=== What you are asked to do ===
In this exercise, the entries below include pictures. Repeat exactly the lines from the line with "визитка Любимцевой О. 2" to the line with "農家　山田さん１.JPG", including both, but without the pictures.

=== Available records ===
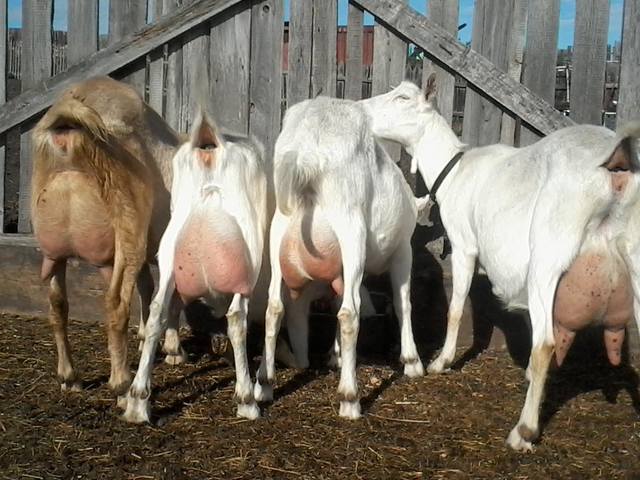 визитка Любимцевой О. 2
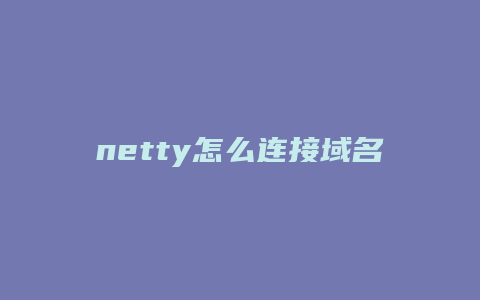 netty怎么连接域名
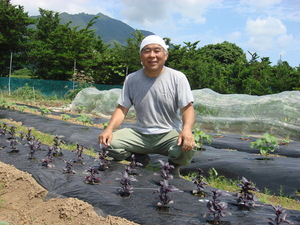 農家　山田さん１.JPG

---

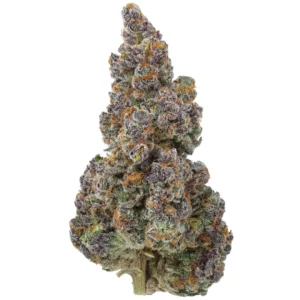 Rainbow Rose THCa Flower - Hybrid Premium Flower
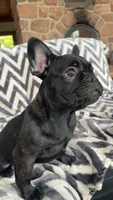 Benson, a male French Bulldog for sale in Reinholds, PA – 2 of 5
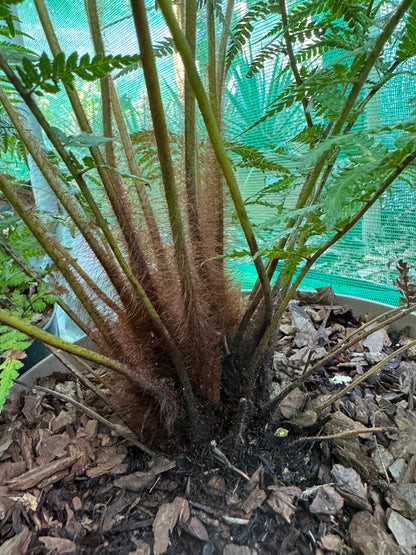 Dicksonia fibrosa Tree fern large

=== Finished exercise ===
 визитка Любимцевой О. 2
 netty怎么连接域名
 農家　山田さん１.JPG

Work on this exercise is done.